Wearing a Mask: The Conflict-Averse Person and Pretending

When you avoid your own heart, your own feelings—your authentic truth—you simply cannot stand up for yourself and you please and appease others instead—to your own detriment.


The Masks We Wear to Stay Alive

Have you ever been in a relationship with someone who can’t be honest about how they feel? Have you watched as they side with you no matter how unreasonable you are being? Have you witnessed as they tell you what you want to hear simply to keep the peace and to shut you up? This is the plight of the conflict-averse pleaser. This is the turmoil the person who fears rejection and abandonment goes through, day in and day out with partners, friends, family, co-workers, bosses, and maybe even strangers.


This is mask-wearing at its finest and I am not making light of this.

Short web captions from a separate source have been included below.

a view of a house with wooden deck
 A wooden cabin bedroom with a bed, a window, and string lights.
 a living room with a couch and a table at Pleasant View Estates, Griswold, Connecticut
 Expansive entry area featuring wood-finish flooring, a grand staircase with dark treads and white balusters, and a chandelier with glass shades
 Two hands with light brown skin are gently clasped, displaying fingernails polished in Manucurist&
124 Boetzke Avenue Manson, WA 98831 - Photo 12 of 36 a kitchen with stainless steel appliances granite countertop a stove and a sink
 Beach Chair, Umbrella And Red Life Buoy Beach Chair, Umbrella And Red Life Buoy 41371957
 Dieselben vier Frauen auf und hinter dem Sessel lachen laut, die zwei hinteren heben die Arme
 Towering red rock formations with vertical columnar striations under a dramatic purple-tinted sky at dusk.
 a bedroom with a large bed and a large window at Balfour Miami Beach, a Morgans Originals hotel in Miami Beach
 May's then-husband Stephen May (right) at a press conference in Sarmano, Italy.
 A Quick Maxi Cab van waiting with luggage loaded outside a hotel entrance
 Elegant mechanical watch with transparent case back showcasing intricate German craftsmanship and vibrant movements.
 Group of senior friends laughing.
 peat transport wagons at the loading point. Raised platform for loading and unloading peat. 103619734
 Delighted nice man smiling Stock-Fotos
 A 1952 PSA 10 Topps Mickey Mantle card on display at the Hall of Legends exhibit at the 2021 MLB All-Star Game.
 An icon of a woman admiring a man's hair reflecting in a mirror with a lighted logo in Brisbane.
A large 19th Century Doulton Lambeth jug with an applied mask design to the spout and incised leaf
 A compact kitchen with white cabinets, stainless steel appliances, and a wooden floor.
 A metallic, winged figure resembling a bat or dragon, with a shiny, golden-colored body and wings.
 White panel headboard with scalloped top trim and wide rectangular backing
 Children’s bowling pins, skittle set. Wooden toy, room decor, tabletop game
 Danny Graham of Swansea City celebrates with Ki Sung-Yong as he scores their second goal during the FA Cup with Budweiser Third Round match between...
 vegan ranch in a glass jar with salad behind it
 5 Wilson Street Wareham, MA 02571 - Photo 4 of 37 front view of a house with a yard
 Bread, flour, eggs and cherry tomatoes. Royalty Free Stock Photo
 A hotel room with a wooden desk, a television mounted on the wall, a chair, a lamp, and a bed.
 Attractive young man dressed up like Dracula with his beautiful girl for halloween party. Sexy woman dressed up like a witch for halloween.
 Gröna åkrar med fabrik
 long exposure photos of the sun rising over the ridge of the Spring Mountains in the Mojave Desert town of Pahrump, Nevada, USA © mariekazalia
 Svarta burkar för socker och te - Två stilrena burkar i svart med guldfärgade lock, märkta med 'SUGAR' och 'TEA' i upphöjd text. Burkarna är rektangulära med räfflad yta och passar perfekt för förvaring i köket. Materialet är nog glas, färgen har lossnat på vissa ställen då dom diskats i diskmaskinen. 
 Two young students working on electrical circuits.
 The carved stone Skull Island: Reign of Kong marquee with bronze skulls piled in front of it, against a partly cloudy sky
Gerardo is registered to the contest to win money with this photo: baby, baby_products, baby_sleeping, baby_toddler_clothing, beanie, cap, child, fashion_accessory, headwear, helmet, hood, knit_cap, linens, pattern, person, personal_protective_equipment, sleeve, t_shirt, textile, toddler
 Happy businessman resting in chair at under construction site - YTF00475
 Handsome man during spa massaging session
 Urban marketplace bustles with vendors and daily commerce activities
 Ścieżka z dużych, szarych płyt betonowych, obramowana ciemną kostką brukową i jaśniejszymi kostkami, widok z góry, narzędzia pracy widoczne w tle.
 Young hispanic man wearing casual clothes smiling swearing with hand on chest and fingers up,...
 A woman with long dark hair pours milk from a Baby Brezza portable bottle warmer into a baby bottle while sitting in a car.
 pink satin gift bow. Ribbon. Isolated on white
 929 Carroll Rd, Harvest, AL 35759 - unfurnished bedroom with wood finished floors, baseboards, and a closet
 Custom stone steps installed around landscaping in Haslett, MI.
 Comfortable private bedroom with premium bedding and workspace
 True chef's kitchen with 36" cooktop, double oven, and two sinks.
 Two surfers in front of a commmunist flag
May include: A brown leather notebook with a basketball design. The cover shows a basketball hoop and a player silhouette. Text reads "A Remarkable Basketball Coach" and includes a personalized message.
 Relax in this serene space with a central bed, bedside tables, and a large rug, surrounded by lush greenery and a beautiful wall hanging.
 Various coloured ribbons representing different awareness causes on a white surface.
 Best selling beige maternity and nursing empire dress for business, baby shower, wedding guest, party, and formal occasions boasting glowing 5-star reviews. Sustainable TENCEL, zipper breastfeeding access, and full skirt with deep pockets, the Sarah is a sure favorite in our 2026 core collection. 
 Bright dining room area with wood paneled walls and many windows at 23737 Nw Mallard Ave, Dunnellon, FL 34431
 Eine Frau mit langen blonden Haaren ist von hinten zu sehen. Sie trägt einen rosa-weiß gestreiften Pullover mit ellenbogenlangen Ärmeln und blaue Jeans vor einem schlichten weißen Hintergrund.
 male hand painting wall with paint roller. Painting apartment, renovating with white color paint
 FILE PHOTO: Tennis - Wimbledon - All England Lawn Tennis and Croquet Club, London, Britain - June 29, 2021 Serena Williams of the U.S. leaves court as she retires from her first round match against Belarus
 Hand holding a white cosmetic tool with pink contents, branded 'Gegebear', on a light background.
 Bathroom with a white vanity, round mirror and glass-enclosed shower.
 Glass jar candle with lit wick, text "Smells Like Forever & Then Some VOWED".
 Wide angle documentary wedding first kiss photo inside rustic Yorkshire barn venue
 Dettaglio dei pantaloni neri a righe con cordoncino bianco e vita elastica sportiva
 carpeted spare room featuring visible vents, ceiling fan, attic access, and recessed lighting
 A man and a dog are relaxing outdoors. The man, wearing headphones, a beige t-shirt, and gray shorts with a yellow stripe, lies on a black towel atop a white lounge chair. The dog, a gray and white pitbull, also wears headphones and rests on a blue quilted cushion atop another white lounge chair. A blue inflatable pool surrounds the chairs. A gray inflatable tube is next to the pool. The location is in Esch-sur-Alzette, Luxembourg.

It is a serious trauma response that makes a person feel safe, loved, and like they belong even if it is making them abandon, betray, and lose themselves. Even if it is slowly killing them. This nervous system reaction allows a person to feel calmer simply because they have the ability to ”make” others feel good or at least to contribute to their happiness instead of their pain. Most pleasers were taught that the only way to “make” Mommy or Daddy or teacher or friend happy was to set aside who they are, what they want, and how they truly feel. Sometimes they witnessed Mommy crying, Daddy angry, or teacher haphazardly giving out F’s just for fun while wearing the “Joker’s” infamous grin. The conflict-averse child instinctively and immediately felt deeply moved and compelled to start hugging Mommy or cracking jokes, hurriedly folding laundry or practicing the piano so Daddy wouldn’t lash out violently, or offering to clean the white boards and stop talking in class to make those drive-by F’s stop and that scary grin leave teacher’s face. Becoming an actual joker (or the butt of the joke), the class clown, or the person that serves, solves the emotional problems for others, and who is the most approachable person in the group is often a conflict-averse pleaser.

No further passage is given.